The variables included member responses to the four optional questions above and member age and geographic location from the employer eligibility files. For race and ethnicity, sexual orientation, and pronouns, members were allowed to choose multiple response options. In these cases, we categorized the response as ’multiple select’ and did not include the responses within the categories they selected. We made this analytical decision to ensure mutually exclusive groups for statistical testing. In addition, members who chose ‘my race/pronouns/gender/identity is not listed’ and then entered free text that was similar to a predefined option, were not recategorized. The responses remained coded as ‘my race/pronouns/gender/identity is not listed’. Members who chose to not answer the question (missing values) were coded as ‘null response’.

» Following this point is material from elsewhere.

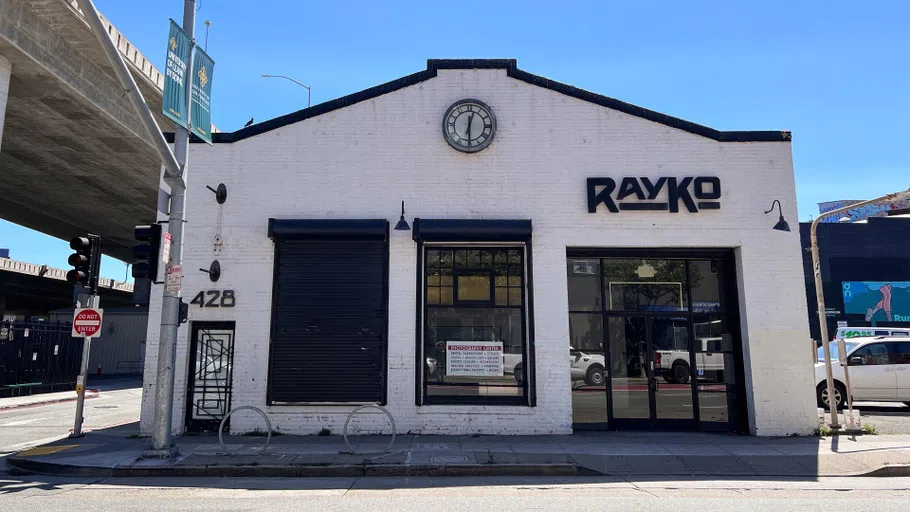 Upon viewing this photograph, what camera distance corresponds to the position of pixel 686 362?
42.0 ft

The primary objective of this study was to determine how likely adult members were to report their sexual orientation and gender identity. Therefore, we defined item nonresponse as anyone who responded ‘I prefer not to answer’ or had a ‘null response’. The nonresponse rate was calculated as the proportion of members who had a nonresponse divided by all members who chose to continue to the optional questions. Age was defined as 18 to 26, 27 to 35, 36 to 45, 46 to 55, 56 to 64, or 65+. Member geography was defined by the 9 U.S. Census regions [23].

Analysis

We used counts and proportions to report member demographic characteristics and the responses to the four optional questions. We calculated chi-square statistics to test for correlation in item nonresponse (‘I prefer not to answer’ or ‘null response’) across race and ethnicity, gender identity, and sexual orientation questions. We also used chi-square statistics to test for differences in race and ethnicity, age, and geographic location between members who responded to individual SOGI questions and members who did not. We calculated nonresponse rates overall and separately by race and ethnicity, age, and geographic location. Finally, understanding the drivers of responding ‘I prefer not to answer’ and ‘null response’ may differ, we also conducted a sensitivity test that removed ‘I prefer not to answer’ responses from the nonresponse group and recalculated the chi-square statistic between respondents and nonrespondents to see if any differences found in the primary comparison remained. Alpha was defined as p<0.05.

Results

Member demographics and responses to optional fields when registering for the digital health application

Overall, 113,064 new members registered during the study period and 41,677 (36.8%) chose to continue to the optional questions. Table 2 includes the responses to the questions and the member demographic characteristics among those presented with the optional questions.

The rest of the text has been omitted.